For the person of faith, our goals should not be defined by our own individual dreams and desires, but instead God’s unending story of reconciliation and a call to authentic community.
Let me be clear from the get-go that I abhor Kirk’s political views and hate speech. That will come as no surprise to you if you have read my blog before. At the same time, my faith calls me to affirm Kirk’s creation in the image of God, the imago Dei. That is the bedrock of Christian belief. So, how do we faithfully navigate these white-water ethical rapids?

Several media outlets are focusing on the questions of balancing free speech and safety. However, there are deeper concerns here. One is our understanding of freedom in the U.S. The assumption is prevalent that we have unlimited freedom as individuals without considering the impact on others of what we say and do, and how we live. However, our individual freedoms are always tied to community. What we say and do matters to others (people and the planet), and if we believe that we are created in the image of God, it matters to God.
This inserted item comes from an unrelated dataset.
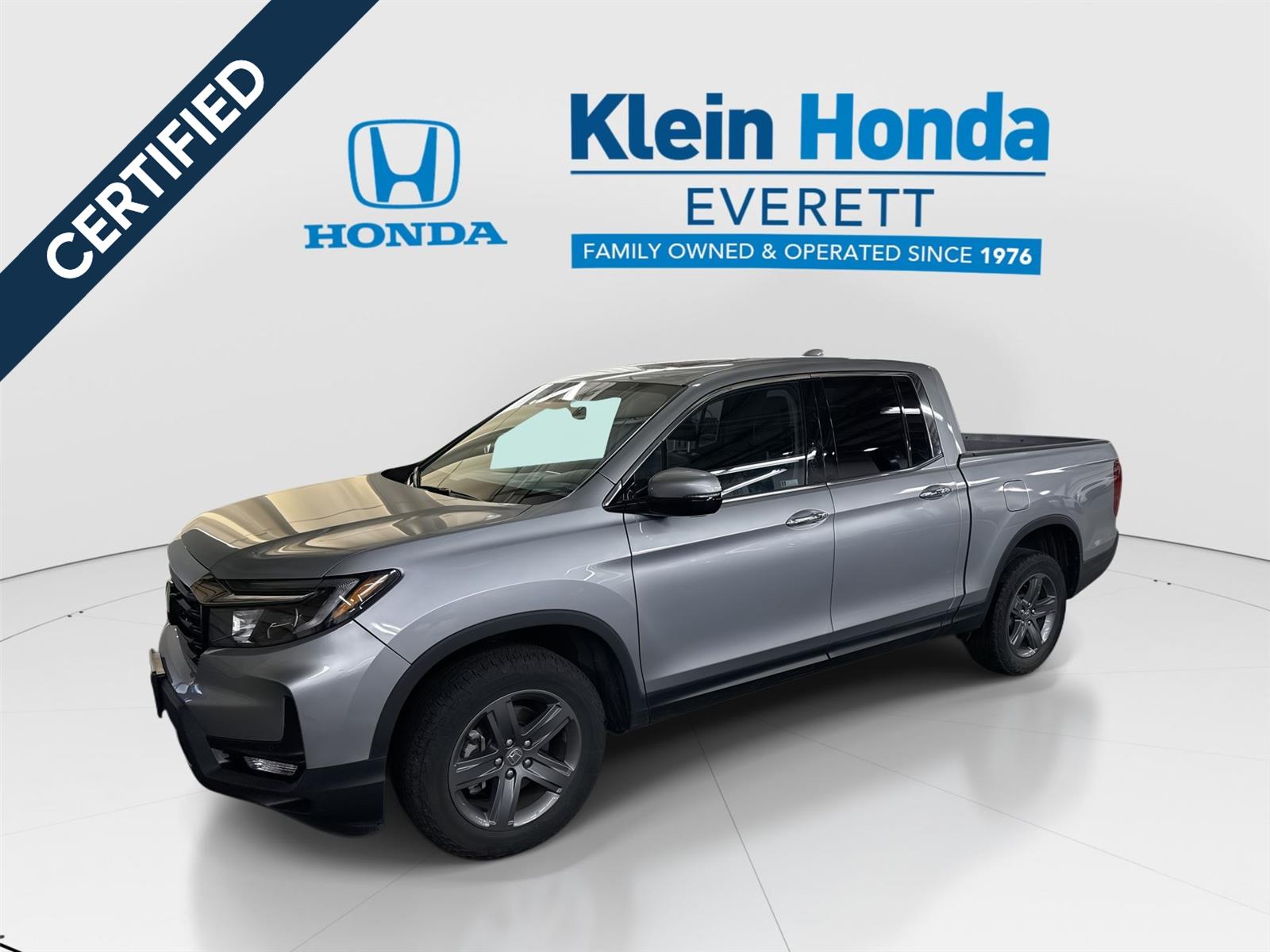 Lunar Silver Metallic 2023 Honda Ridgeline Pickup Truck All-Wheel Drive 9-Speed Automatic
Additionally, the idea is prevalent in our society that silencing one’s political opponents or others with whom we disagree and defeating them by any means necessary will ultimately lead to the realization of the community that we envision, and some uneasy peace. Peace can never be realized without a more textured understanding of justice and the common good. Gandhi spoke of securing justice by practicing harmlessness and embracing the divine within all people rather than getting justice by making other people suffer.
Christian ethicist Ellen Ott Marshall points out that one of the dangers is that moral agents can tend to “use the end to justify any means, concluding that anything goes as long as we are pursuing a noble end.” For the person of faith, our goals should not be defined by our own individual dreams and desires, but instead God’s unending story of reconciliation and a call to authentic community.
I reflected on being raised on the frontlines of the culture wars in my book on Authentic Christian Freedom. As theological thinkers and religious leaders, I believe that we have to allow experiences of violence, discrimination, conflict, hatred, and retaliation to shape us, but only to the extent that these experiences enable us to articulate faithfully God’s mission of reconciliation. Two of the things I have learned from being raised on the frontlines of the culture wars are to complicate my own understanding of Christian freedom and to challenge myself to engage in conversations across the artificial yet tangible lines that divide us by race, class, political party, gender, sexuality, religious belief, and more. Reconciliation requires conflict transformation.
We are desperately in need of leaders in our nation—on every level and within every institution—who will embrace the work of reconciliation for the sake of authentic justice and community. It will mean taking risks, being vulnerable, listening with intentionality, and centering victims of violence and injustice in our lives, work, and communities. May reconciliation be our aim.